Social, Economic, and Sustainable Issues
The opening of this specialized treatment center brought a new crucial capability in cancer care to the Dallas/ Fort Worth Metroplex. For adult patients, pencil-beam proton therapy generally means fewer side effects and a better quality of life. For the pediatric patient, the benefits are even more striking, reducing the risks of secondary cancer over the patient’s lifespan.
The overall design team combined efforts to reduce the carbon footprint of construction materials and operations, leading to designation as the first LEED® certified stand-alone proton therapy center in the United States.
Most importantly, the Metroplex is no longer America’s largest metropolitan area without a proton therapy center. Thanks to the success of this facility, resident patients and their loved ones don’t have to travel to Houston or Oklahoma City; they can get this often life-saving treatment locally, benefitting both individual patients and the overall health of the community.
Complexity
The Texas Center for Proton Therapy presented a complex, inter-woven set of criteria that the structural engineer had to tackle simultaneously and interactively, developing concepts that were repeatedly tested against the needs of each constituent as well as the budget and schedule. The structure (including maze walls) is geometrically complex in three dimensions.

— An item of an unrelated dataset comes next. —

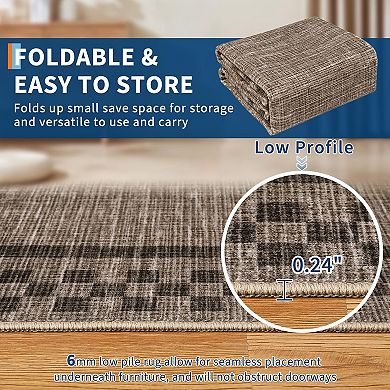 Washable Area Rug，Modern Checkerboard Design with Border, Non-Shedding & Non-Slip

To properly model and clearly understand the stress and movement interactions of the heavy equipment and maze walls atop the hybrid foundation system and the supporting soils presented a complex technical soil-structure interaction challenge.
Protecting users and patients from stray proton beams demanded a shielding system of concrete walls and strategically located steel plates that were designed by the physicist, tuned by the structural engineer, and integrated throughout the facility. In addition to the normal coordination and interaction with the owner, architect, MEP engineer, and civil engineer, Walter P Moore repeatedly interfaced with the geotechnical engineer, the physicist, the equipment manufacturer, and the contractor to work out solutions at both grand and micro scales.
Outcomes
By carefully listening to the project stakeholders and responding with integrated, well-considered solutions, the structural engineer was key to the successful completion of this important project. The cyclotron was installed and calibrated with a minimum of unexpected challenges and in turn, the Center became operational several months earlier than planned, almost unheard of for this type of complex facility. It was delivered on budget and has met or exceeded every project goal. The facility has been welcomed by the community and is operating near its capacity of 100 patients per day.